"Iran's nuclear program continues to march forward," Prime Minister Benjamin Netanyahu told the crowd of thousands Monday night. "My friends, Israel has waited patiently for the international community to resolve this issue. We've waited for diplomacy to work. We've waited for sanctions to work. As prime minister of Israel, I will never let my people live in the shadow of annihilation."
Nine years before this month, there was a similar sense of inevitability - that "War is my last choice," often despite the urging of President George W. Bush that the Iraq war would come. Now, Israel is a preemptive strike on Iran's nuclear program and the U.S. move to AIPAC this week for their blessing.
"The president has said he doesn't bluff and neither can we in Congress," said independent Sen. Joe Lieberman of Connecticut, a pro-Israel hawk serving his final year in the Senate.

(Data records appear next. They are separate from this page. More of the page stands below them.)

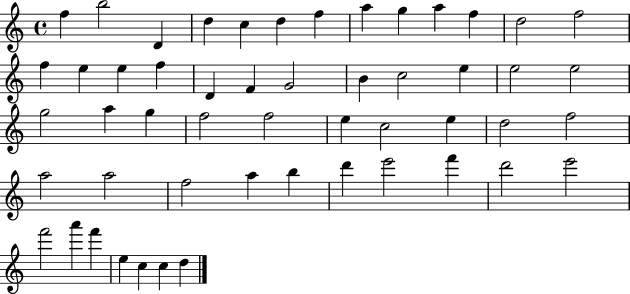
{
  \clef treble
  \time 4/4
  \defaultTimeSignature
  \key c \major
  f''4 b''2 d'4 | d''4 c''4 d''4 f''4 | a''4 g''4 a''4 f''4 | d''2 f''2 | \break f''4 e''4 e''4 f''4 | d'4 f'4 g'2 | b'4 c''2 e''4 | e''2 e''2 | \break g''2 a''4 g''4 | f''2 f''2 | e''4 c''2 e''4 | d''2 f''2 | \break a''2 a''2 | f''2 a''4 b''4 | d'''4 e'''2 f'''4 | d'''2 e'''2 | \break f'''2 a'''4 f'''4 | e''4 c''4 c''4 d''4 | \bar "|."
} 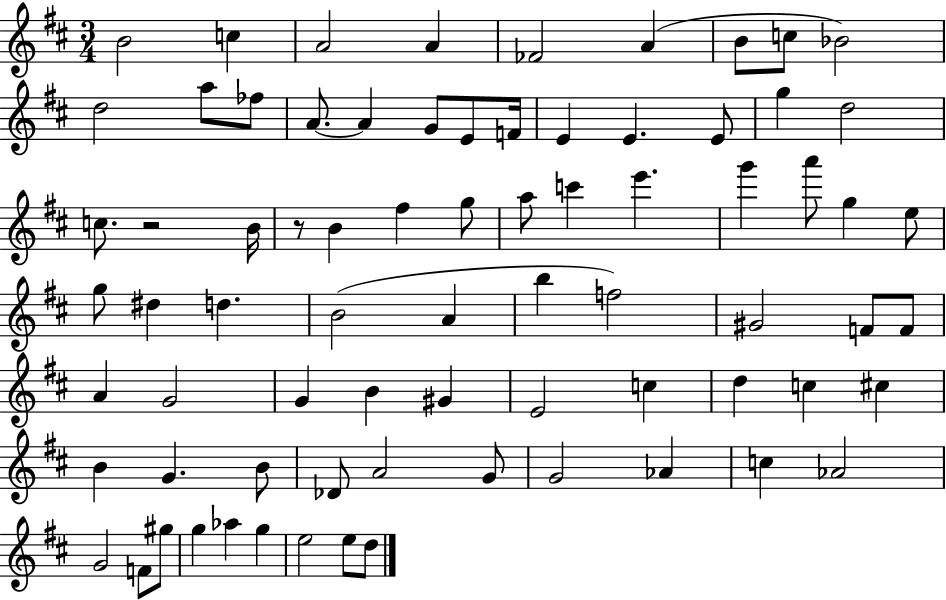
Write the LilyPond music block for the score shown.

{
  \clef treble
  \numericTimeSignature
  \time 3/4
  \key d \major
  b'2 c''4 | a'2 a'4 | fes'2 a'4( | b'8 c''8 bes'2) | \break d''2 a''8 fes''8 | a'8.~~ a'4 g'8 e'8 f'16 | e'4 e'4. e'8 | g''4 d''2 | \break c''8. r2 b'16 | r8 b'4 fis''4 g''8 | a''8 c'''4 e'''4. | g'''4 a'''8 g''4 e''8 | \break g''8 dis''4 d''4. | b'2( a'4 | b''4 f''2) | gis'2 f'8 f'8 | \break a'4 g'2 | g'4 b'4 gis'4 | e'2 c''4 | d''4 c''4 cis''4 | \break b'4 g'4. b'8 | des'8 a'2 g'8 | g'2 aes'4 | c''4 aes'2 | \break g'2 f'8 gis''8 | g''4 aes''4 g''4 | e''2 e''8 d''8 | \bar "|."
}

As ever, there are reports rituals of solidarity with the Jewish state, and shows the usual lobbying could ("the biggest gala ever!"). President Barack Obama, who has used his address to warn that Iran was not bluffing about the possibility of a preventive strike, has repeated his threat to sit in the Oval Office on Monday with Netanyahu.
"My policy is prevention of Iran obtaining nuclear weapons. Obama spoke of the standoff with Iran entering "a series of difficult months, I suspect, in 2012."
Whatever private misgivings Obama may have about a strike on Iran, his rhetoric this week could easily be considered a green light for Israeli action. And if he is flashing a green light, Israel's advocates in Congress are waving a starter's flag. Meanwhile, Mitt Romney, in an op-ed column written for Tuesday's Washington Post, called for expanding aircraft carrier presence in the region.
Senate Minority Leader Mitch McConnell, R-Ky., told the AIPAC gathering Monday night that Obama needs more of a "clear, declaratory policy" toward Iran. "If Iran at any time begins to enrich the uranium to weapons-grade level or decides to go forward with a weapons program, then the United States will use overwhelming force to end that program."
That's not a controversial statement at the AIPAC conference, where attendees admired an armored personnel carrier, a surface-to-air missile and a model of an Israeli drone. To those who oppose military action against Iran, Netanyahu offered a 1944 exchange of letters between the World Jewish Congress, which pleaded with the United States to bomb Auschwitz but was rebuffed.
"Never again will the Jewish people be powerless."
Lieberman, calling the Iranian threat "more serious than anything faced by the United States and Israel" during his time in office -- a claim that would include al-Qaida and Iraq -- pressed for an "iron-clad" resolution: "The United States will prevent Iran from acquiring a nuclear-weapons capability, by peaceful means if we can, but with military force if we absolutely must." The AIPAC participants roared their approval.